En fin d’après-midi, l’affaire était réglée : la direction avait rempli les formulaires Cerfa de demande de régularisation et signé des CDI aux non-salariés, selon la CGT. Sur France Inter, le directeur d’exploitation, Franck Rigaud, avait expliqué auparavant avoir donné le choix à ces travailleurs étrangers de travailler en « extras » ou comme « autoentrepreneurs », ce qu’a contredit l’un des intéressés.

Le dossier d’un des salariés concernés, que « Les Echos » ont pu consulter, laisse en tout cas à penser qu’il a basculé, sans transition, de salarié en autoentrepreneur à la création de ce statut en janvier 2009, puisque des factures ont succédé aux fiches de paie. Seule différence : auparavant simple plongeur, il était devenu « cleaner » avec, au passage, une économie de cotisations patronales pour l’employeur. L’affaire, qui n’est pas la seule du genre, soulève en tout cas deux problèmes. D’abord, elle montre que le danger d’une substitution entre salariat et autoentrepreneur existe, avec d’ailleurs son lot de manque à gagner pour les régimes sociaux de salariés. « L’analyse juridique d’une relation de travail ne repose pas sur la dénomination qu’en donnent les parties, mais sur la façon réelle dont les relations de travail sont organisées », objecte-t-on au ministère du Travail, en rappelant que les juges requalifient le « faux travail indépendant » en travail dissimulé.
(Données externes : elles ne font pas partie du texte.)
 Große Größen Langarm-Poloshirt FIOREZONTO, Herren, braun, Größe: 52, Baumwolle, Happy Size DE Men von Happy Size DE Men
Pas de contrôles spécifiques

Reste qu’en un an d’existence, reconnaît le ministère, le statut d’autoentrepreneur n’a encore donné lieu à aucune jurisprudence de ce type. Encore faut-il, en effet, oser contester son statut, ce qui n’est pas évident pour des publics fragiles, et particulièrement pour les sans-papiers. Pour eux, obtenir une requalification ne permet en rien une régularisation, puisque le travail réalisé comme autoentrepreneur devient du travail illégal. Et si, a contrario, l’autoentreprise permettait à l’employeur d’éviter le risque de fermeture administrative pour emploi de sans-papiers que brandit le gouvernement ? Dans l’entourage de Xavier Darcos, on affirme que ce ne sera pas le cas. Le projet de loi en préparation ne permettra « pas seulement la fermeture administrative en cas d’infraction à l’emploi d’étrangers sans titre de séjour mais pour toutes les formes de travail illégal, dont le travail dissimulé ». Dans celui du ministre de l’Immigration, Eric Besson, on explique qu’il s’agit là d’un « souhait de Xavier Darcos » et que l’on « n’a rien contre », mais on rappelle l’objet du projet de loi qui est la « transposition de la directive sur l’emploi des étrangers sans titre de séjour », ajoutant que ce qui sera visé, c’est le « recours sciemment, directement ou indirectement à des étrangers sans titre de séjour ».

Reste une troisième question, celle des contrôles lors de la procédure pour la création d’une autoentreprise. Le secrétariat d’Etat aux PME et le ministère de l’Immigration récusent tout problème : « Les documents de séjour exigés lors d’une création d’entreprise sont les mêmes pour toutes les formes d’entreprises » et « on n’a pas l’intention d’accroître spécifiquement les contrôles sur les autoentrepreneurs ».